• _Supplied material_

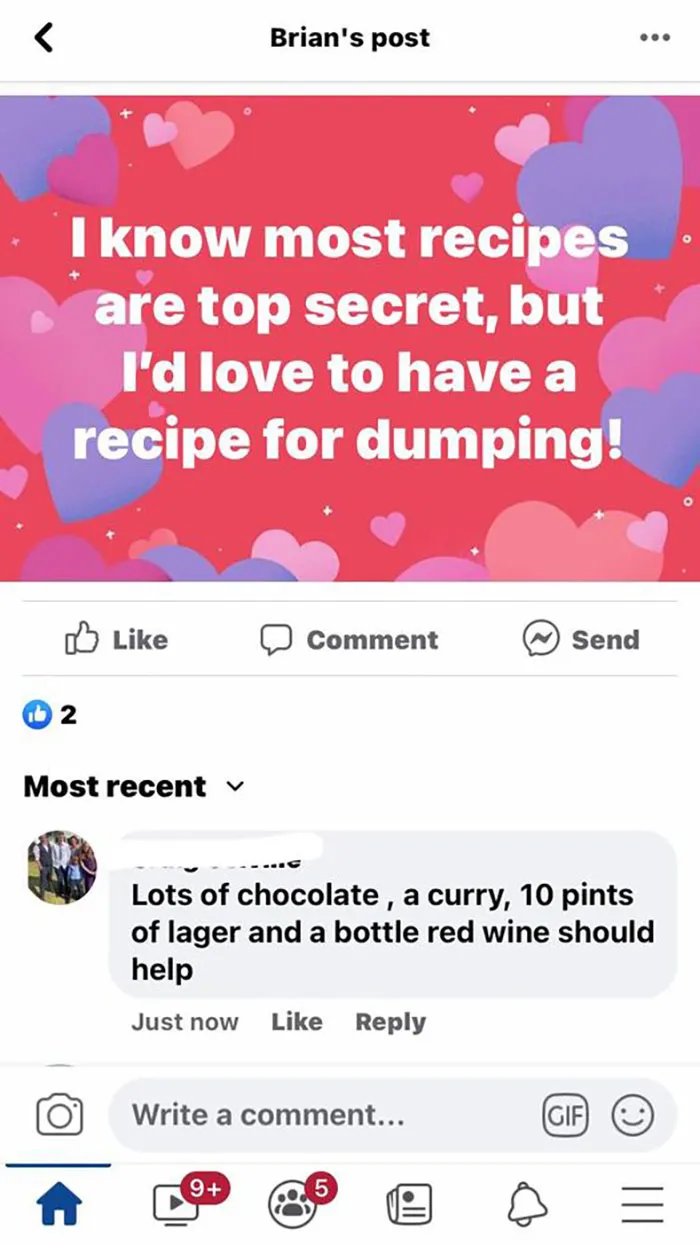 50 Times People Spotted Such Angry And Delusional Posts In Their Local Facebook Groups, They Just Had To Shame Them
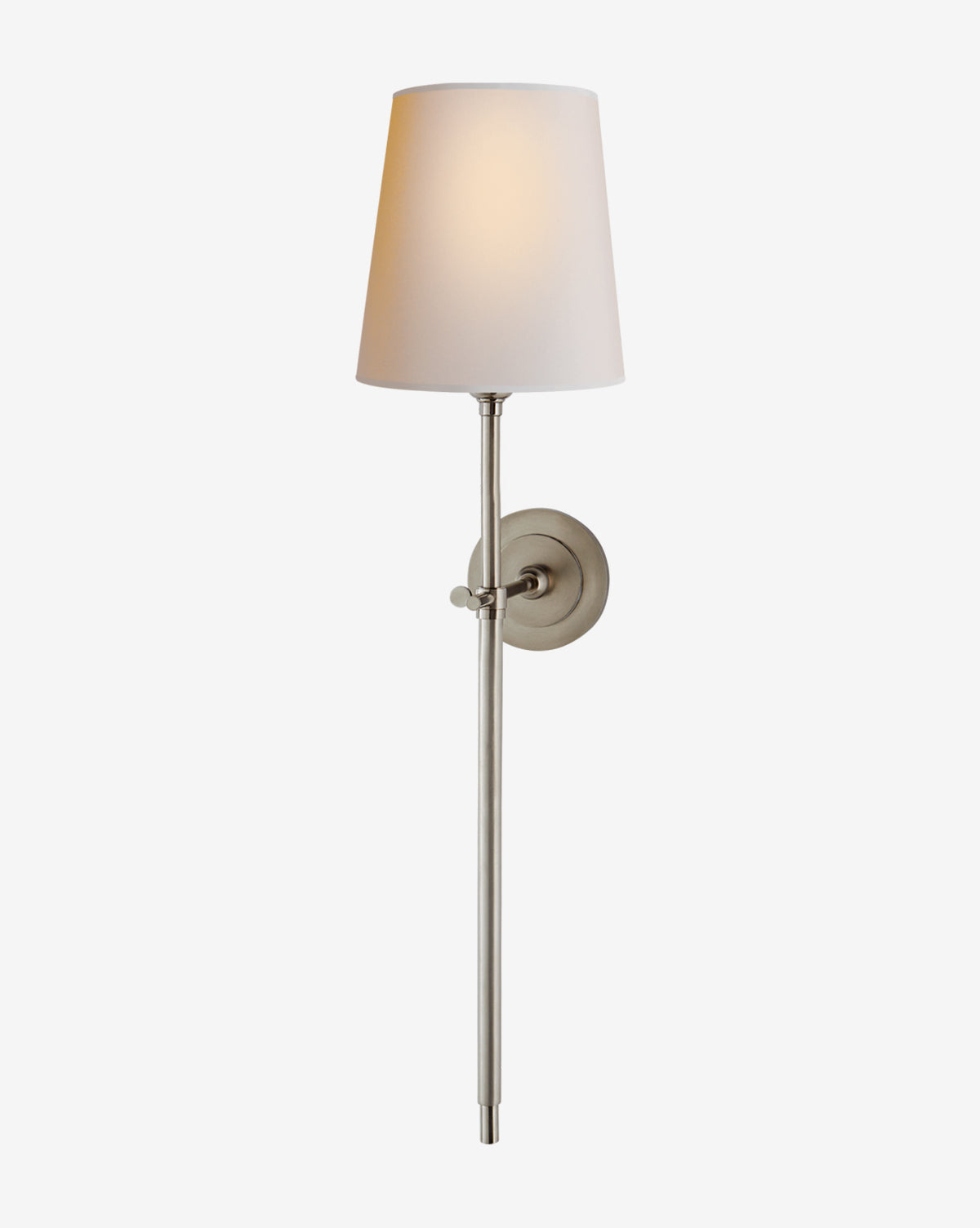 McGee & Co - Bryant Large Tail Sconce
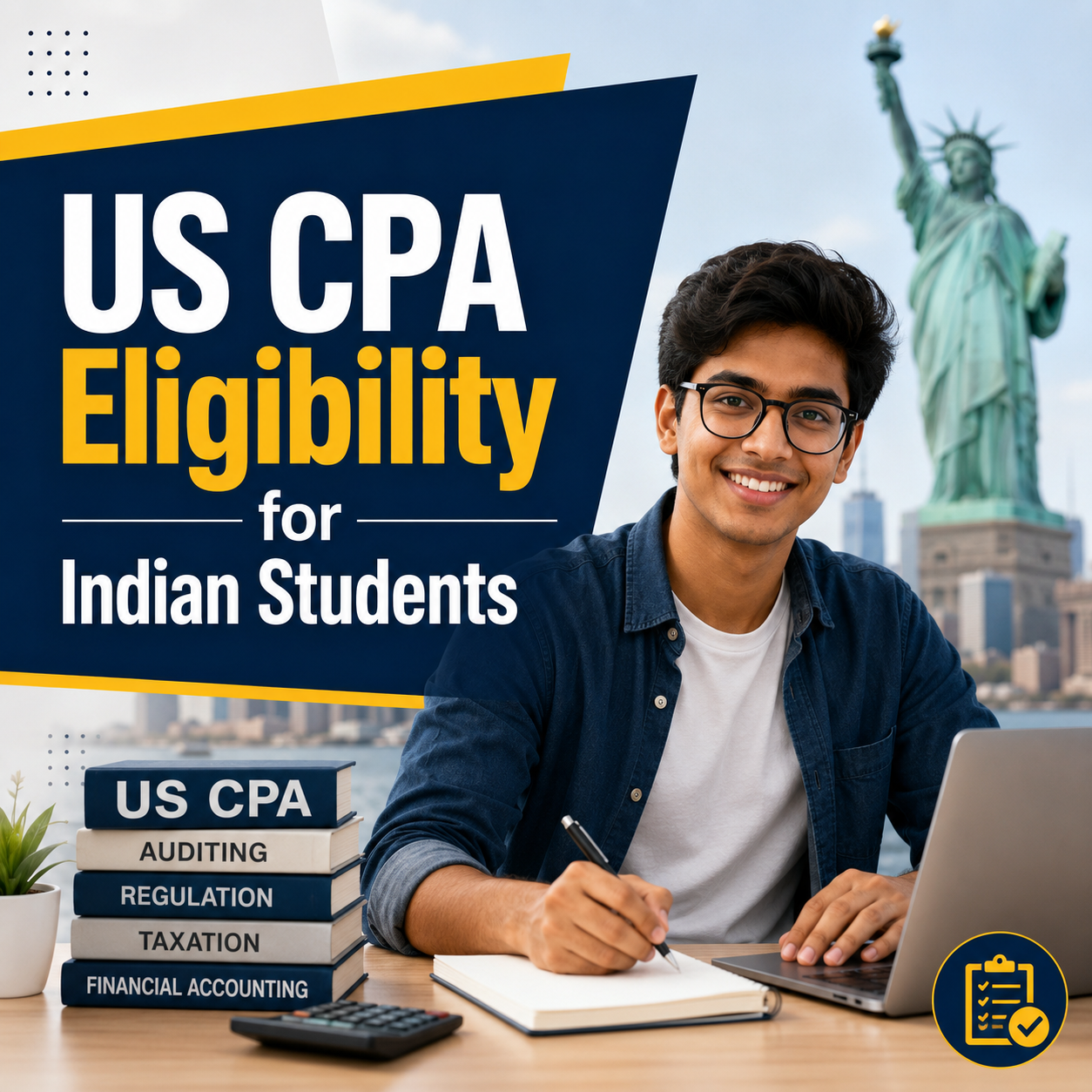 US CPA Eligibility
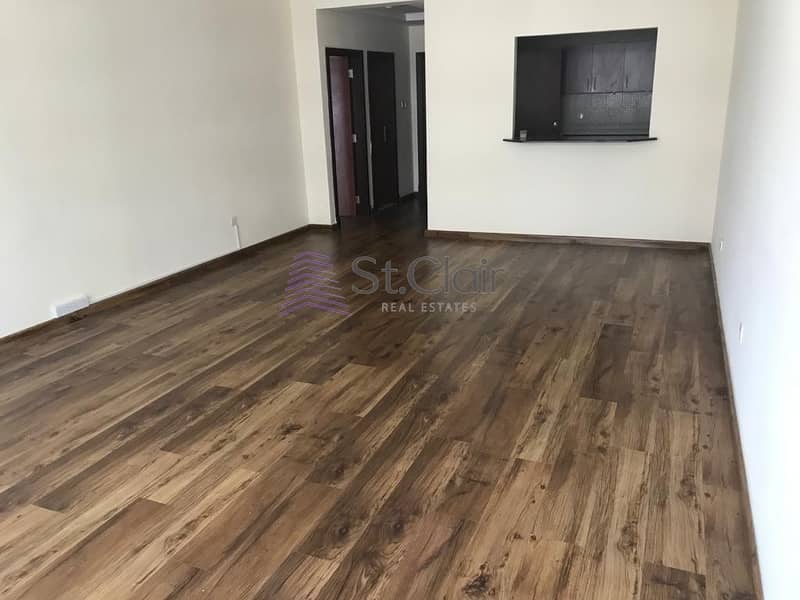 Sports City 1BR Chiller Free Golf Course view 45K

• _Directions for this task_
Quote the full listing above word for word; exclude every picture from the copy.

• _Response to this exercise_
 50 Times People Spotted Such Angry And Delusional Posts In Their Local Facebook Groups, They Just Had To Shame Them
 McGee & Co - Bryant Large Tail Sconce
 US CPA Eligibility
 Sports City 1BR Chiller Free Golf Course view 45K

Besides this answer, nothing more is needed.